[Exercise materials Boundary: Start]
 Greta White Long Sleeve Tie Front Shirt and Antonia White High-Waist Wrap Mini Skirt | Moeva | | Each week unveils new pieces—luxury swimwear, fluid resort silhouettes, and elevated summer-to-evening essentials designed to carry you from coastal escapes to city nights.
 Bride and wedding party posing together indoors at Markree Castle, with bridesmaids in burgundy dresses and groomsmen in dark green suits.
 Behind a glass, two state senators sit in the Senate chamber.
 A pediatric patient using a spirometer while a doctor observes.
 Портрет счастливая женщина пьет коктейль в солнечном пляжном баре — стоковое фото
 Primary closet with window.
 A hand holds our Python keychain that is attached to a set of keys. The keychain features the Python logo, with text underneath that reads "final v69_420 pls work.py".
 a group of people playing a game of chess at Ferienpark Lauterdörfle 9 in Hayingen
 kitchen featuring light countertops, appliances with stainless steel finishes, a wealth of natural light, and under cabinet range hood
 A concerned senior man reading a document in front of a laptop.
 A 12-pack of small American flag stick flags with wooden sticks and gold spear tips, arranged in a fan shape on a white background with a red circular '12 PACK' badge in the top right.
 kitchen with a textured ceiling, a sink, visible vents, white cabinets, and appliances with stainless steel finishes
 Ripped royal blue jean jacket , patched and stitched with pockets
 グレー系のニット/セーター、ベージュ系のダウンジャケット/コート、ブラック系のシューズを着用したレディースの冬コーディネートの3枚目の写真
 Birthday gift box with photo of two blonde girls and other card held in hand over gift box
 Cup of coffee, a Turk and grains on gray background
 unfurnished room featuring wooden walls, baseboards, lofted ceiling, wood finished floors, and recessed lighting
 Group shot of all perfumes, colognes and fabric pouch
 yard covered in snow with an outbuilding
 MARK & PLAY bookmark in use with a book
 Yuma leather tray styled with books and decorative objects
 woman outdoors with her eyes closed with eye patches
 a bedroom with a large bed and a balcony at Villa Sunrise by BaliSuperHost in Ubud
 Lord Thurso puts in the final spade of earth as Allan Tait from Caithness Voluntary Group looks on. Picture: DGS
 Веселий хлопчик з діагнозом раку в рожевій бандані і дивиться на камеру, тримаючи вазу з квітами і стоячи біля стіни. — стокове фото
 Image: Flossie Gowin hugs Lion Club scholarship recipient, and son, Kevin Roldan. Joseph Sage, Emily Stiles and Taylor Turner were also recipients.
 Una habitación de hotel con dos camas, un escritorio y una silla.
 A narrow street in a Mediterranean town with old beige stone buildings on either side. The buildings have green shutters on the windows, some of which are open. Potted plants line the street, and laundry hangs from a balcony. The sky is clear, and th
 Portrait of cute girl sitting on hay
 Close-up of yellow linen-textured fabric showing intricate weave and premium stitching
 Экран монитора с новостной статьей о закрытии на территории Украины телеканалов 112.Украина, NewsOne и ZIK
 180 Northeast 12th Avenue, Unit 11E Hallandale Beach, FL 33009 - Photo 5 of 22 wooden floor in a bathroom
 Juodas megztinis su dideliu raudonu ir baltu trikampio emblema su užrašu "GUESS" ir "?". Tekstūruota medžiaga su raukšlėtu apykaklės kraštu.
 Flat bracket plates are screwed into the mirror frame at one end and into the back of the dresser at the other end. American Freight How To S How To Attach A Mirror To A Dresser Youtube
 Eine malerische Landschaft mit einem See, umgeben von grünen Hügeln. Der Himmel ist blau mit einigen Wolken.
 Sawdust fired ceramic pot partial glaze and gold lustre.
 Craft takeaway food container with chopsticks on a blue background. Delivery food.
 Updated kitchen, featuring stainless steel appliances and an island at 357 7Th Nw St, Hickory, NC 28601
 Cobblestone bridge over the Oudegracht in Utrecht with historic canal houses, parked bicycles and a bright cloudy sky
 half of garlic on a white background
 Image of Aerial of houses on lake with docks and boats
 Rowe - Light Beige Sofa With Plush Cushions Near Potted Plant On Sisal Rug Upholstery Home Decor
[Exercise materials Boundary: End]
» **Directions for this task**
Please work out how many lines above contain the string "featuring", and reply with that number alone.

» **Response for this exercise**
3